For the full design rationale, see docs/LESSONS.md.
Live on Cloud Run: netpulse-ui-670100779564.asia-southeast2.run.app
Demo video: youtu.be/tPrxqHku4Lw
Two Cloud Run services backed by a single bundled SQLite file (no managed DB). The original hackathon architecture on BigQuery + AlloyDB is one tools.yaml sources: swap away. See Architecture.
- Python 3.12+
- A GCP project with Vertex AI enabled
gcloudCLI authenticated with Application Default Credentials
git clone https://github.com/adityonugrohoid/hackathon-telecom-ops.git
cd hackathon-telecom-ops
python3 -m venv .venv
source .venv/bin/activate
pip install -r netpulse-ui/requirements.txt
# Build the bundled SQLite store from the seed CSVs (idempotent, under 2s)
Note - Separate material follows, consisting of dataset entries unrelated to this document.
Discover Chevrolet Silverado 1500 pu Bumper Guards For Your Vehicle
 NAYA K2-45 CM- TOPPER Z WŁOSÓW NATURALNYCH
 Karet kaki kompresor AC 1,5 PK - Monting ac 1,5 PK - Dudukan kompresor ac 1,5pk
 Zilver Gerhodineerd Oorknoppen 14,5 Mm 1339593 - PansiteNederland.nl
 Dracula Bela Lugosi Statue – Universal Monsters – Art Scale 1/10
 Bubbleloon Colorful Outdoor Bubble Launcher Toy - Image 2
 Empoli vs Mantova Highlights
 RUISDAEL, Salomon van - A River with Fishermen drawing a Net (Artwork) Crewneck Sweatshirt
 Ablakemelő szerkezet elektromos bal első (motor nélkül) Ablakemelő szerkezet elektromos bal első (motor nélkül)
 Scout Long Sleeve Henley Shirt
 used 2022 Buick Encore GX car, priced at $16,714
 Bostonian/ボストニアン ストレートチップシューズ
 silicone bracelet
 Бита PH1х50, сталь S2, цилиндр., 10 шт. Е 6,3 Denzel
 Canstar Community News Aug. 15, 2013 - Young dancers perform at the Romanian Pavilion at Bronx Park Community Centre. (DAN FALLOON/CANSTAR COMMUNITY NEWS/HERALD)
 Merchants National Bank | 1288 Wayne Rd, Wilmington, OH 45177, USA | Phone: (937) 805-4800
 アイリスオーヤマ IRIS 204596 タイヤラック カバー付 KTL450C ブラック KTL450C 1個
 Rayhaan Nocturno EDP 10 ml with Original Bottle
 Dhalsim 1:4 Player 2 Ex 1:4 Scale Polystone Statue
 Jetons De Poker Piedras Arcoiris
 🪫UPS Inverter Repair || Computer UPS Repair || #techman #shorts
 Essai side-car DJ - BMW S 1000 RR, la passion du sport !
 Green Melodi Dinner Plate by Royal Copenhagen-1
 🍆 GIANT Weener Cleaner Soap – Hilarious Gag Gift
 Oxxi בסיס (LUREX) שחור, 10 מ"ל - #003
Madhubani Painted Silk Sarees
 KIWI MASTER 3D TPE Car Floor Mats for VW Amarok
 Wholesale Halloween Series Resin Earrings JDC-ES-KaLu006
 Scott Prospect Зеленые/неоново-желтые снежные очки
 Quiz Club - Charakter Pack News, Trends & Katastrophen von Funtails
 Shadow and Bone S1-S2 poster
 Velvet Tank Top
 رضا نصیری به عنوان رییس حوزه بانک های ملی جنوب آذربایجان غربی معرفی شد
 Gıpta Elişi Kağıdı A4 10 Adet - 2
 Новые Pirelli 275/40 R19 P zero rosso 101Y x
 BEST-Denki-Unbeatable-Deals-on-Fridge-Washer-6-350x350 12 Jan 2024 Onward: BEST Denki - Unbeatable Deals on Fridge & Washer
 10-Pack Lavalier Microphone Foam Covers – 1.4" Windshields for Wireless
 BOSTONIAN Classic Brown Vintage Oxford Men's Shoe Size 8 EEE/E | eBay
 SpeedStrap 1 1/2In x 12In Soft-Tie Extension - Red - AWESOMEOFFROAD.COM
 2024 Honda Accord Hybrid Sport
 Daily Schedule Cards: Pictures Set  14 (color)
python scripts/build_sqlite.py
# Authenticate against a GCP project with Vertex AI enabled
gcloud auth application-default loginRun the two services in separate terminals.
# Terminal A: MCP Toolbox over the SQLite store
# (downloads the v0.23.0 binary on first run)
scripts/run_toolbox_local.sh
# Terminal B: Flask UI
cd netpulse-ui
TOOLBOX_URL=http://127.0.0.1:5000 \
GOOGLE_CLOUD_PROJECT=<your-project> \
GOOGLE_CLOUD_LOCATION=global \
GOOGLE_GENAI_USE_VERTEXAI=TRUE \
python app.pyOpen http://localhost:8080. The workspace is at /app; three read-only data-viewer tabs at /network-events, /call-records, /tickets.
To run the ADK Dev UI (events + trace tabs) instead, run adk web from the repo root and select telecom_ops.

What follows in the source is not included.